Learn more about each instrument
UkuleleView in store
This is the easiest and most fun instrument to learn. It is small, light, cheap and is quite simple to make chords on. FUN FACT: the first chord only requires 1 finger! There are only 4 strings so it is relatively simple to keep in tune, and it is almost impossible to play a sad song on the ukulele. It comes in many fun shapes and colours, and a good entry level one is around the $70 mark. We recommend that children between the age of 5 - 7 learn the ukulele as a stepping stone instrument to the guitar. Students that have learnt the ukulele and go onto guitar are almost always at the top of their ability in their guitar class.
It can be played as a solo instrument but ukulele ensembles are also very popular.
GuitarView in store
A great social instrument, it uses similar chord shapes and motor skills as the ukulele, but because it has 6 strings, it has more volume and a larger range of chord patterns.
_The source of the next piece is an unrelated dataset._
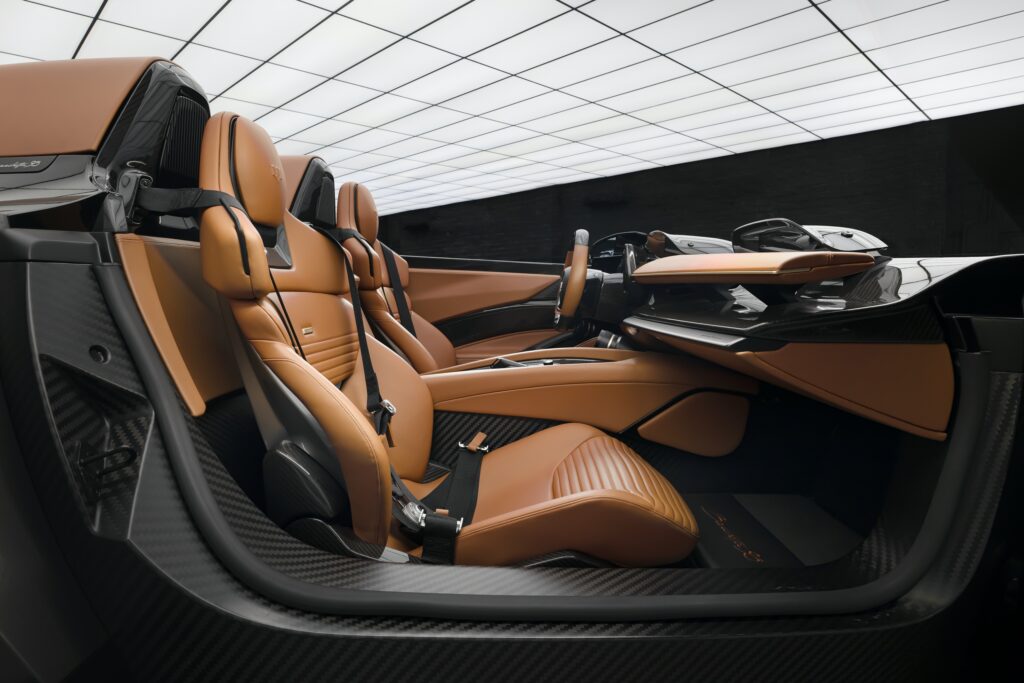 Aero screens adjust in height and angle, to kick airflow up and over the heads of driver and passenger.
They are lightweight, come in 1/2, 3/4 and full sized versions, so there is one suitable for everyone. We start all our students on the classical guitar, they are quick and easy to learn and children will be playing songs within the first 2-3 weeks. Because it uses a combination of steel and nylon strings it stays in tune longer, is easier on the fingers and is cheaper than a steel string. Expect to pay $150-300 with a wide variety of colours and designs available.
It can often be played as a solo instrument, or as part of a band. It is a very versatile instrument and can be heard in jazz, blues, rock and even pop music.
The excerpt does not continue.